Faulkner needed two from the last ball and South Australia knew that as the team that finished on top of the table, a tie was enough for them to take the title. Faulkner couldn't lay bat on ball and although he and his partner Ricky Ponting ran through for a bye, there was no way Tasmania could conjure the extra run to overhaul South Australia's 285.

The South Australia celebrations were fitting for a side that has won so little silverware in the past couple of decades. The coach Darren Berry raced on to the field and embraced Putland, a bowler he mentioned before the match as a key to the side's chances, and the captain Michael Klinger was also in among the hugs after he helped set up the win with 81 and then some calm leadership at the end.

Tasmania were without question the favourites during the last few overs of the game as Bailey, the Tasmania captain, and Ponting, the champion dropped from Australia's ODI side, compiled a 174-run partnership that looked certain to take the Tigers to victory. But the loss of Bailey for 101 from the second ball of the last over, lbw to a low full toss when he tried to paddle sweep Putland, was the key moment.

He had brought up his century in the second-last over with a similar lap sweep off the spin of Aaron O'Brien from his 103rd delivery.

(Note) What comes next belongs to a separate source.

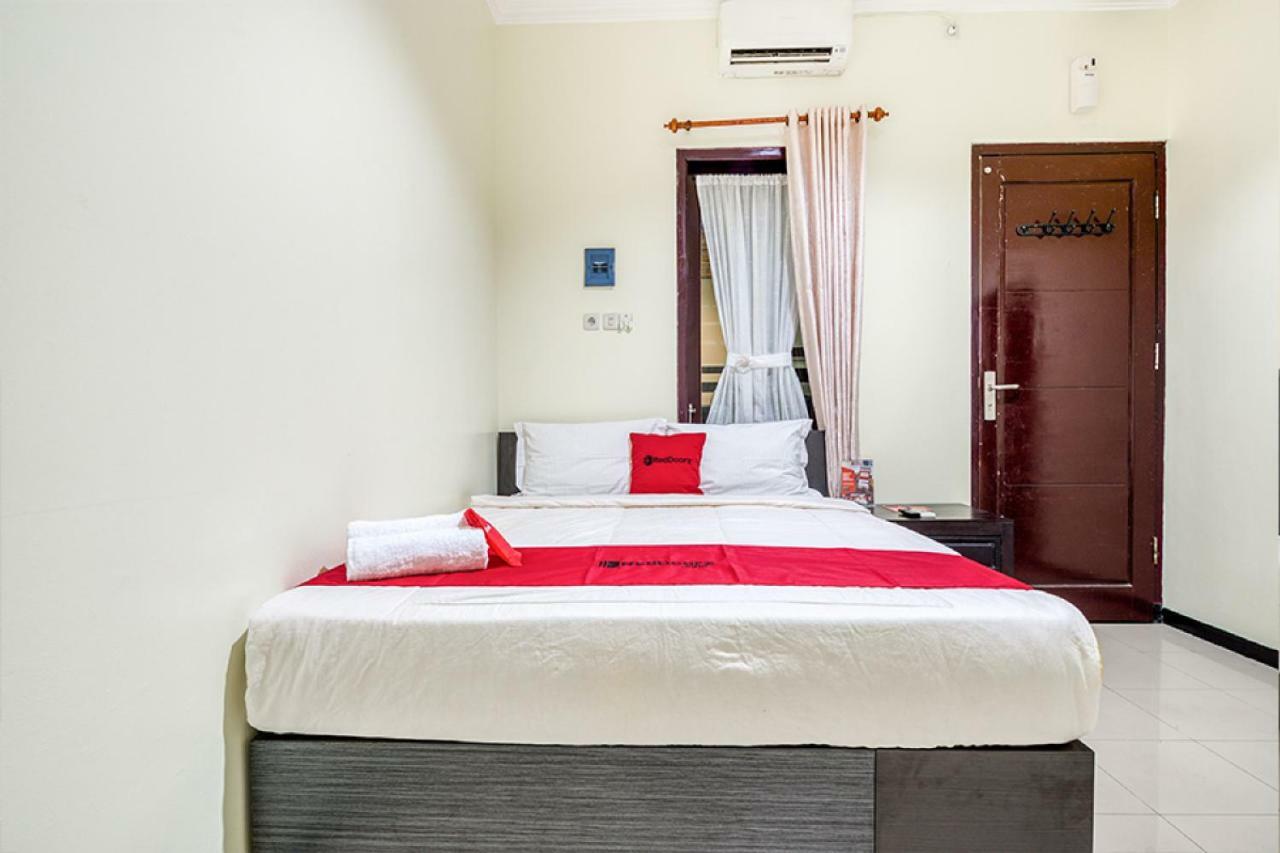 Hotel Reddoorz Syariah @ Ketintang Surabaya Esterno foto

Bailey had constructed his innings well, starting off slowly and gradually lifting his tempo, and Ponting had played a similar way after they came together with the score at 3 for 108 in the 23rd over.

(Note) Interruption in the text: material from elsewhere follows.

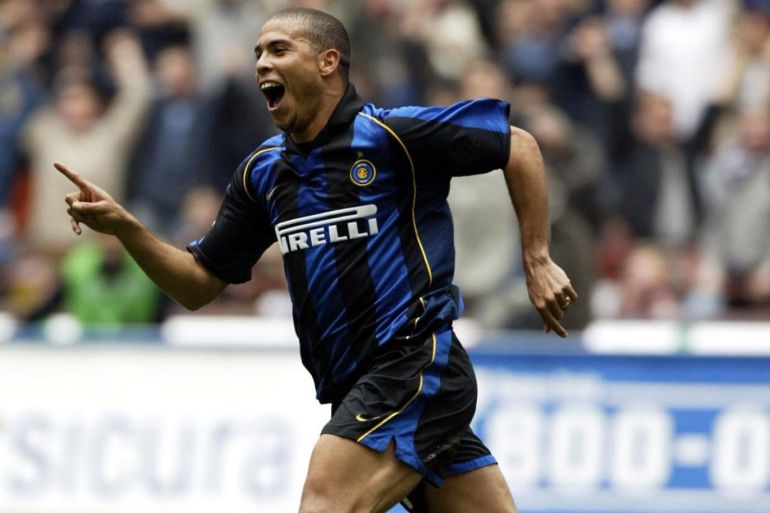 28 Apr 2002: Ronaldo of Inter Milan celebrates scoring during the Serie A match between Inter Milan and Piacenza, played at the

Ponting was scratchy early in his innings, miscuing several balls and having the good fortune to see some lob just wide of fielders. He was put down on 36 by the eventual hero for the Redbacks, Putland, who ran around at long-on and failed to clasp a chance from a slog-sweep off the bowling of Nathan Lyon.

Ponting had another life on 58 when Tom Cooper at long-off ran in and couldn't complete a low catch, and Cooper had also put down Bailey on 6. The failures in the field looked like they would cost South Australia the title as the two batsmen stuck around and both cleared the boundary with slog-sweeps off the spinners in the final few overs.

They had come together after Mark Cosgrove departed for 69, one of three top-order wickets for Lyon, who seemed to be keeping his side on track in the early stages after they were bowled out for 285 in the final over of their innings. Klinger had chosen to bat and together with Daniel Harris (60) put on 133 for the opening wicket to give the Redbacks an excellent start.

Klinger finished as comfortably the leading run-scorer in the tournament with 498 at 55.33 but none were more valuable than the 81 he scored in this decider. He drove well through the off side and had good support from Harris, who backed himself and scored at nearly a run a ball, and later in the innings Theo Doropoulos also chipped in with an important cameo of 40 from 34.

Faulkner picked up 4 for 75 and his wickets through the middle overs helped to drag Tasmania back into the match, while Jackson Bird took 3 for 39. But in the end the Tigers needed to find a way to get Ponting on strike in that final over when Faulkner faced the last four balls. Putland didn't let that happen, and South Australia's first one-day title since 1986-87 was complete.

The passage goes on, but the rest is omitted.